* INSTRUCTIONS FOR THE TASK
All lines in the data that hold the word "Acrylic" need copying.

[Records contained in a dataset]
════════════════════

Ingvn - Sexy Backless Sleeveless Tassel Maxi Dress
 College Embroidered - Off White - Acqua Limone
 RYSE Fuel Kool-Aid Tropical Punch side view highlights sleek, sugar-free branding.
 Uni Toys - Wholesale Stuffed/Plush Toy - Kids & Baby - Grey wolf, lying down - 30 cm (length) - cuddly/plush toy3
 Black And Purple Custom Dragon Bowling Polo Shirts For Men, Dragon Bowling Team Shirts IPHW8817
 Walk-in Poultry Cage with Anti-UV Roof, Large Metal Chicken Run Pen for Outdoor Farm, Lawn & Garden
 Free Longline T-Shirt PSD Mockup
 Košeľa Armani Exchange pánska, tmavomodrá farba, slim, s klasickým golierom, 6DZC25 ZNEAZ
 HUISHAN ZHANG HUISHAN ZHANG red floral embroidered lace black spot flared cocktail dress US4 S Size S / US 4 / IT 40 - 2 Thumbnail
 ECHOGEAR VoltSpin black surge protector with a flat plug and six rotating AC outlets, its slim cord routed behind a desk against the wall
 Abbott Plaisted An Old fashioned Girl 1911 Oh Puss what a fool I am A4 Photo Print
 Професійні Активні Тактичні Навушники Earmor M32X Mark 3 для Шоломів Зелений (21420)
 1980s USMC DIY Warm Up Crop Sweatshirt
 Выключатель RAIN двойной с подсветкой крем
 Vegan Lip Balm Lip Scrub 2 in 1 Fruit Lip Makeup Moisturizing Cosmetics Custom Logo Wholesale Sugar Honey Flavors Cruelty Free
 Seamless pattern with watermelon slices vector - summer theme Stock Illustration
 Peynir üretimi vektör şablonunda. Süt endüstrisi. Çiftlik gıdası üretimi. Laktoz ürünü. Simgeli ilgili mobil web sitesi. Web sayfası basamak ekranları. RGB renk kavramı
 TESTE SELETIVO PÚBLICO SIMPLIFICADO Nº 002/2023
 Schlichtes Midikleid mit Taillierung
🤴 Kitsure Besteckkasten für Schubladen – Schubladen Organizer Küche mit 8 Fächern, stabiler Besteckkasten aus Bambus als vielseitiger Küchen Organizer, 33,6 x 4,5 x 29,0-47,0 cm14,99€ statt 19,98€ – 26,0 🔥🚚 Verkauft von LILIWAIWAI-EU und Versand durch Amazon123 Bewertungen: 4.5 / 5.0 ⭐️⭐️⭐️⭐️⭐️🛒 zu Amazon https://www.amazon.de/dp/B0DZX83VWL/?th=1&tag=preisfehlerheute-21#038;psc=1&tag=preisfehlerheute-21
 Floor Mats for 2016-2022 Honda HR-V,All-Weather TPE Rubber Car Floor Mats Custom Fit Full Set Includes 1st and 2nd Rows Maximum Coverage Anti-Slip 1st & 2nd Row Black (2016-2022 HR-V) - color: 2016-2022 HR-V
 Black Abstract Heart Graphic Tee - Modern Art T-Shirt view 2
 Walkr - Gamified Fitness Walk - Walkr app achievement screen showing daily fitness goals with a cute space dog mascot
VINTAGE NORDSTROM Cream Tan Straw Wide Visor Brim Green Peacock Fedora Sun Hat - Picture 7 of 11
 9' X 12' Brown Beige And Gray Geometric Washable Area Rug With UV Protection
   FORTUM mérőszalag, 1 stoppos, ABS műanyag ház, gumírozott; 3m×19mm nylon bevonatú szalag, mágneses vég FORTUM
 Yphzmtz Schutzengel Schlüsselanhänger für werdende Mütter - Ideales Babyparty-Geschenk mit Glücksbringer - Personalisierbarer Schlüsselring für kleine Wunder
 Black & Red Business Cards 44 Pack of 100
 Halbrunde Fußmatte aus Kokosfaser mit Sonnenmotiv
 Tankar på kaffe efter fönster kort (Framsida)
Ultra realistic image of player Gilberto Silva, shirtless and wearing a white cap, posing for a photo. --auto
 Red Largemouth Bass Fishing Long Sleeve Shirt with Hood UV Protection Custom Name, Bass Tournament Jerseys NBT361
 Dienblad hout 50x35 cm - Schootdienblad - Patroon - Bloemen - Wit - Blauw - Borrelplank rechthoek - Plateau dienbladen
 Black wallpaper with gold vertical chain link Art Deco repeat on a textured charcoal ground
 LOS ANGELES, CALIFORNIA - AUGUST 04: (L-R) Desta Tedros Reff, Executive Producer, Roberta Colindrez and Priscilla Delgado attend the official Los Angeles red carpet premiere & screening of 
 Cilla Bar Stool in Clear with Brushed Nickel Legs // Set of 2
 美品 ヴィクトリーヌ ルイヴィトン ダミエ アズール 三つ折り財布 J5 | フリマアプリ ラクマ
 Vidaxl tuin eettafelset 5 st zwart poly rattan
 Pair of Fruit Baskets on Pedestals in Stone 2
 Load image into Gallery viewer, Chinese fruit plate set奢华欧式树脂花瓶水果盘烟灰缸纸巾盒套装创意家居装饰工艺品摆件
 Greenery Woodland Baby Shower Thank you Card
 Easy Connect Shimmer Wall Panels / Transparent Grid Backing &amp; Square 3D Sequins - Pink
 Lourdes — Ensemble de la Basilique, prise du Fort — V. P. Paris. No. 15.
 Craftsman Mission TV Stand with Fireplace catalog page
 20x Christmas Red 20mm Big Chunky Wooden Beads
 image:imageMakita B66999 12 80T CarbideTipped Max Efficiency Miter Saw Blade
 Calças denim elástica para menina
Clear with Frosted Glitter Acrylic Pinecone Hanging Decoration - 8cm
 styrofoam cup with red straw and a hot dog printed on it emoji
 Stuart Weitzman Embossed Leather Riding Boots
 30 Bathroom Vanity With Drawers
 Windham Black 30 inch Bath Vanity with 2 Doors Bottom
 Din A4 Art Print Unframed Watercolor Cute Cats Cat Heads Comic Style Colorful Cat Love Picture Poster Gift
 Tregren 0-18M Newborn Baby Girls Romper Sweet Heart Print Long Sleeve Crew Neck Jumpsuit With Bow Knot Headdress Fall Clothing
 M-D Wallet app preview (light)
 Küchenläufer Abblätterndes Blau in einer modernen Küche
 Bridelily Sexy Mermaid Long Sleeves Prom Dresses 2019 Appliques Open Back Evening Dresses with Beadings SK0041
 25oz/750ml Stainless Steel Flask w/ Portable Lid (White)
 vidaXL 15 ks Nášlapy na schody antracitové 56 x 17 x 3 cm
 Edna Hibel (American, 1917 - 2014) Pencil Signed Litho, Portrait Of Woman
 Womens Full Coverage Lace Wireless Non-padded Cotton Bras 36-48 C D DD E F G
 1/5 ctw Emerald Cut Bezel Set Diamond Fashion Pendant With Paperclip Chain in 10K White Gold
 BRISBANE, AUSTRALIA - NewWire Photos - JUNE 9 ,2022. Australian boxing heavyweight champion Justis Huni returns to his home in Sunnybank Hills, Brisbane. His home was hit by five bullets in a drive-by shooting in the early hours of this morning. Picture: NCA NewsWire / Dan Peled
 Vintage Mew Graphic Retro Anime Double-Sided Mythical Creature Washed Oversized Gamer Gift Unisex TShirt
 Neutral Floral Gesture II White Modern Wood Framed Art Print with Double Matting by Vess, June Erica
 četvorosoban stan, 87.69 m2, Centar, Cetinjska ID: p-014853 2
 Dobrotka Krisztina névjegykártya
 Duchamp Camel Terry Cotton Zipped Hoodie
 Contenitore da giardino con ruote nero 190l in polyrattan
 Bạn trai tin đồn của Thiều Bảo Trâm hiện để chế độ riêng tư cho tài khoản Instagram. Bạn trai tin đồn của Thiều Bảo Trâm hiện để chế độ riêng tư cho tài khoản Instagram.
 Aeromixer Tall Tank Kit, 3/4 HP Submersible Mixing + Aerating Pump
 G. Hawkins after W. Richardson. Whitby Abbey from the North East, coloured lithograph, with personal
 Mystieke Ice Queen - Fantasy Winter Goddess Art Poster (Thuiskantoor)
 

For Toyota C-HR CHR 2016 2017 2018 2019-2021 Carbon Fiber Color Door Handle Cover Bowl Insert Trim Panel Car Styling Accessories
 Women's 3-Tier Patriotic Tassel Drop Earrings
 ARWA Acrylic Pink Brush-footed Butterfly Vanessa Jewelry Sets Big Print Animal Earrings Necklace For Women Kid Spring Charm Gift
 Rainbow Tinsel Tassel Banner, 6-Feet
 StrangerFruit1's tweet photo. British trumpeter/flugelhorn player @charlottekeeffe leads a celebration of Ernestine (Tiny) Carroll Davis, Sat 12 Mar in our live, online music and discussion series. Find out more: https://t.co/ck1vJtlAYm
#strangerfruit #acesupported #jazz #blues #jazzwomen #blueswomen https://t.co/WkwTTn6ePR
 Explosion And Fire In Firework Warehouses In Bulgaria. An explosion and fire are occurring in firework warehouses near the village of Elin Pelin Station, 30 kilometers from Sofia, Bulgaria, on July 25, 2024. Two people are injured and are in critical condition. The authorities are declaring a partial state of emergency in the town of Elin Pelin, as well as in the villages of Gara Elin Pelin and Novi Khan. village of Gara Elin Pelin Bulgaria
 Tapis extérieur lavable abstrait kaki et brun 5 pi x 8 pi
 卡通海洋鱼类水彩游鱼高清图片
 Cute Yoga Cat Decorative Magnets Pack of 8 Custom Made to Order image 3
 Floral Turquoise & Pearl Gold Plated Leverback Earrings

════════════════════

* WRITTEN RESPONSE
Clear with Frosted Glitter Acrylic Pinecone Hanging Decoration - 8cm
 ARWA Acrylic Pink Brush-footed Butterfly Vanessa Jewelry Sets Big Print Animal Earrings Necklace For Women Kid Spring Charm Gift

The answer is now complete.